The past few weeks I’ve been suffering from the writer’s most dreaded affliction: writer’s block. Nothing interested me, nothing captured my attention. Every idea I had seemed uninteresting, uninspired, imitative. “This is bad!” the voice in my head ceaselessly chastised anytime I had the courage to put paper to pen.
Having survived many bouts of writer’s block in the past, however, I knew it was a temporary matter— not a chronic condition. To cure my creative cold, I reached for If You Want to Write, one of my most beloved books on writing. Originally published in 1938 by journalist, editor, writing teacher, and magnanimous spirit Brenda Ueland, If You Want to Write is a glorious reminder that to be human is to be creative (“Everyone is talented, original and has something important to say,” Ueland assures us from the book’s very first pages).

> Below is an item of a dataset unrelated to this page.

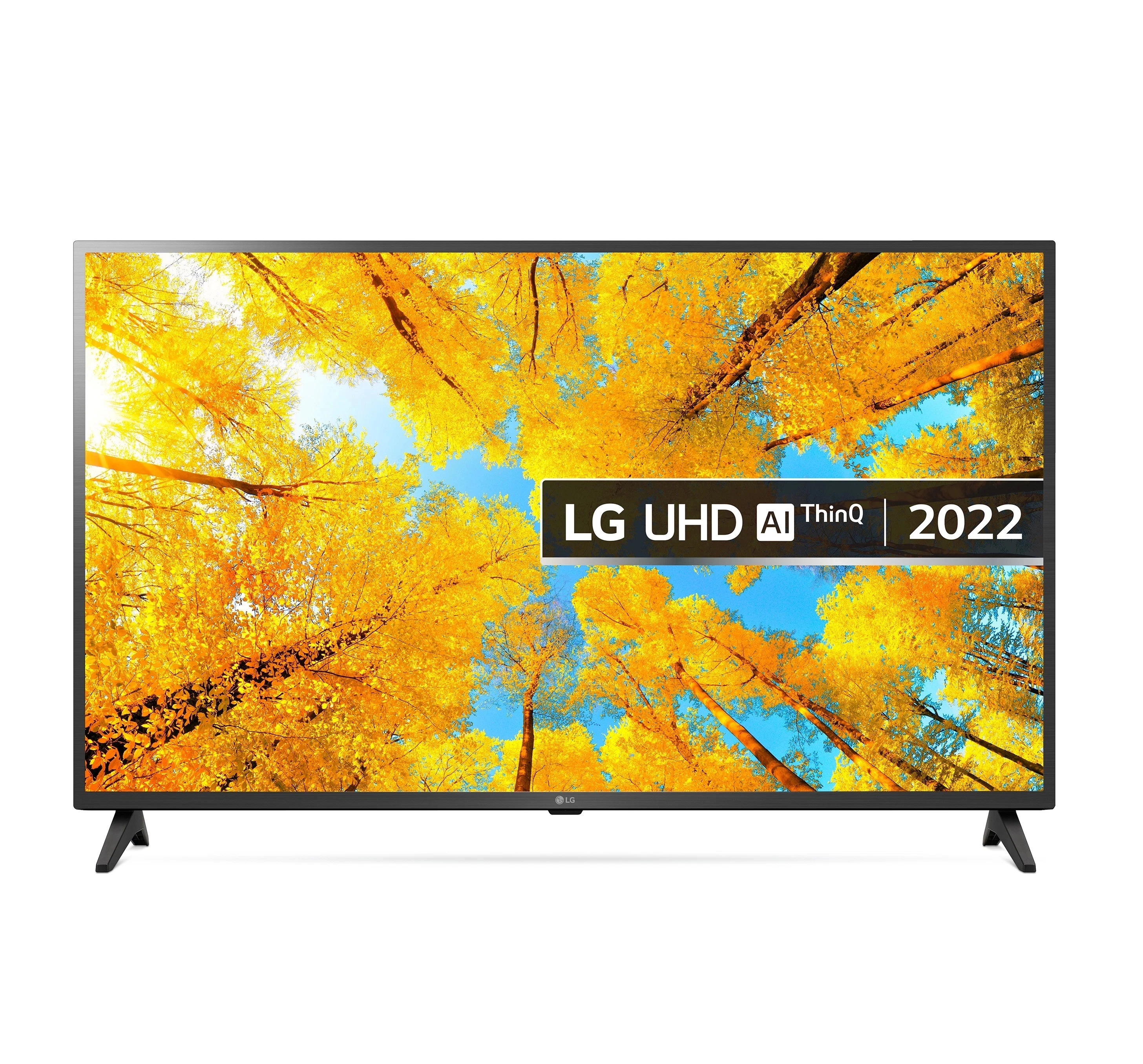 LG 43UQ75006 4K UHD Smart TV  televizori sotib olish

Ms. Ueland is the ideal teacher: emboldening, enthusiastic— never dispiriting or punitive. Rather than scold us like a too-strict school master (“Underdeveloped…elaborate!” most teachers scribble in cruel, judgmental red pen), she gently encourages (“Oh, this is interesting…tell me more,” I can imagine Ueland writing in my margins). In her words, she doesn’t help her students by criticizing, by “pointing out all the mediocrities in their efforts (and so making them contract and try nervously to avoid all faults)”; she helps them by trying to make them “freer and bolder.” “Be careless, reckless! Be a lion, be a pirate when you write! Write any old way!” she implores us with a fun-loving free-spiritedness partway between Anne Lamott and Julia Cameron.
For Ueland, writer’s block (and what we call “bad” writing) is merely the result of wanting to write something great and make an impression. If we think writing is a performance— a stage where we must dazzle and twirl and spin— we’ll get stage fright and fall on our asses. On the other hand, words flow more freely if we remember that writing is a telling of truths— not a dramatic production. If, like a witness testifying under oath, we write with genuineness and sincerity and resist the urge to exaggerate for effect, we’ll never write something “bad.”

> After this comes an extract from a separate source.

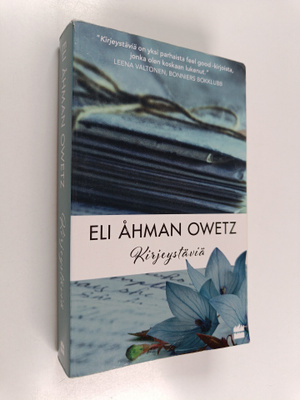 Eli Åhman Owetz : Kirjeystäviä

In one my favorite chapters, “Know That There is Often Hidden in Us a Dormant Poet, Always Young and Alive (a quote borrowed from De Musset), Ueland recounts an evening she spent with Carl Sandburg, her dear friend and poet. As they drove around a lake near her house, they gazed at the December sunset. Overcome by awe, Sandburg described the sky as “gunmetal.” To which Ueland replied, “Oh yes, isn’t it perfectly wonderful!”
Ueland would say Sandburg’s description was superior to hers because it was true. His wonderment at the silver gray sky was genuine and, therefore, good. Her gushing exclamation, on the other hand, was bad because it wasn’t actually felt. The word “wonderful”— though not terrible in itself— rings with the insincerity of the commonplace, as cliched as telling a bride she looks beautiful on her wedding day. “When you say perfunctorily about the sky just to talk: ‘What a beautiful evening!’ that is not poetry,” Ueland writes, “But if you say it and mean it very much, it is.” So if you’re suffering from writer’s block or worried that your writing isn’t “good,” remember you only have one job: to say what is true.
Lovely post. Totally agree that writer’s block is just a matter of perspective, and what I do to prove this sometimes is to write as crappily as I can, then letting that piece just sit, and when I come back to it a few days later I’ll realise that it’s not so bad, and the reason I thought it was crappy was because of my mindset at the time. Anyway, thanks for this post!